We hope that the event will provide us with a vibrant, interdisciplinary moment to reflect on recent incarnations of law and time scholarship and also to think about where it might go next.

Confirmed speakers:

  • Barbara Adam (Cardiff University)
  • Emilie Cloatre (University of Kent)
  • Stacy Douglas (Carleton University, Canada)
  • Elen Stokes (Cardiff University)
  • Matt Howard (Open University)
  • Renisa Mawani (University of British Columbia, Canada)
  • Marieke de Goede (University of Amsterdam)
  • Hyo Yoon Kang (University of Kent)
  • Sarah Keenan (Birkbeck College, University of London)
  • Nick Piska (University of Kent)
  • Alain Pottage (LSE)
  • Hayley Rogers (Cabinet Office)
  • Nitin Sinha (University of York)
  • Gavin Sullivan (University of Amsterdam)
  • Mariana Valverde (University of Toronto, Canada)
  • Ros Williams (University of York)

And for the project itself more generally, could you add the following as their website is also under construction:

Regulating Time: New Perspectives on Regulation, Law and Temporalities

This research network has been supported from its inception by SOCRIL. Regulating Time investigates how law and regulation are shaped by dominant understandings of time. Funded by the UK’s Arts & Humanities Research Council, the network runs from 2015 to 2017 and is co-ordinated by Dr Emily Grabham (law, University of Kent) and Dr Sian Beynon-Jones (sociology, University of York). Regulating Time features academic workshops, public engagement events, and an international conference (to take place in autumn 2016).

  • Research questions

Questions relating to time are implicated in some of the most compelling contemporary political and social issues. Scholars from a range of disciplines have analysed, for example, the impact of new technologies on how people understand time; how our expectations of the ‘life course’ have changed with new family forms; and how clinical ideas of time influence decisions in the medical sphere. Similarly, reflecting on temporal concepts and their effects is very important when we think about law’s potential in tackling pressing political and social concerns. Yet time remains relatively under-explored in scholarship on regulation and law. In these disciplines, research on time has, to date, been concentrated in only a few key areas, such as labour law (e.g., legal struggles over the working day and ‘work-life balance’) and environmental law (the question of what regulation can do to help mitigate climate change beyond our own lifetime).
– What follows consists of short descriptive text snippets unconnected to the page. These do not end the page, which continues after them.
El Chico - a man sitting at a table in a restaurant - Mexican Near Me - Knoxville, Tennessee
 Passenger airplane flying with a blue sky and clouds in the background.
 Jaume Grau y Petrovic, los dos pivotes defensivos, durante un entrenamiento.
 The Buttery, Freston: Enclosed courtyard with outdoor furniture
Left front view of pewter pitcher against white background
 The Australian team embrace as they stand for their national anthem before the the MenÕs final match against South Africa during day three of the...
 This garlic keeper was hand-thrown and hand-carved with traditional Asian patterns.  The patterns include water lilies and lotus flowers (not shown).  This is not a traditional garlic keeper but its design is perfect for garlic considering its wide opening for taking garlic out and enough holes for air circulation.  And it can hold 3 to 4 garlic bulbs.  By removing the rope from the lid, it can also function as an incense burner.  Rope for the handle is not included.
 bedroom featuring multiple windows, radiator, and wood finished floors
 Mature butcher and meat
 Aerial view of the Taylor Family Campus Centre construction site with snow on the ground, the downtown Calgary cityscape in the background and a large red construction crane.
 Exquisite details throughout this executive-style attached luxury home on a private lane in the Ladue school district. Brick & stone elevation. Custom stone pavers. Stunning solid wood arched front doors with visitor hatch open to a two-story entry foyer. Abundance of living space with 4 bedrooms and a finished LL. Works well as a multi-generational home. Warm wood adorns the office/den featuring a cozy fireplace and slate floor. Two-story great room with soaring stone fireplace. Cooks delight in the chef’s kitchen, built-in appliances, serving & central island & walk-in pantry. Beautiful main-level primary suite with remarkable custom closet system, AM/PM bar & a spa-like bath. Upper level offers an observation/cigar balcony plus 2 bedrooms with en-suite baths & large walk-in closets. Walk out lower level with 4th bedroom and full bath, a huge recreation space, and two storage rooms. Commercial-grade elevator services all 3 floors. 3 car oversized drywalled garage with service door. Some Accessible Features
Featuring workshops, collaborative public engagement events, an international conference, and an edited book, this network will support a wider sustained conversation about how regulation and law shapes our experiences of time and how concepts of time influence law and regulation.

Guiding research questions for the network will include:

  1. How do concepts of time shape regulation, and vice versa?
  2. How do concepts of time affect experiences of regulation, and vice versa?
  3. In what ways can interdisciplinary approaches to time improve our understanding of the relationship between time and regulation?
  4. What can academic research on regulation and time learn from stakeholders? How might collaborations between academics and stakeholders in this field engage with, and shape, wider public perspectives on time and regulation?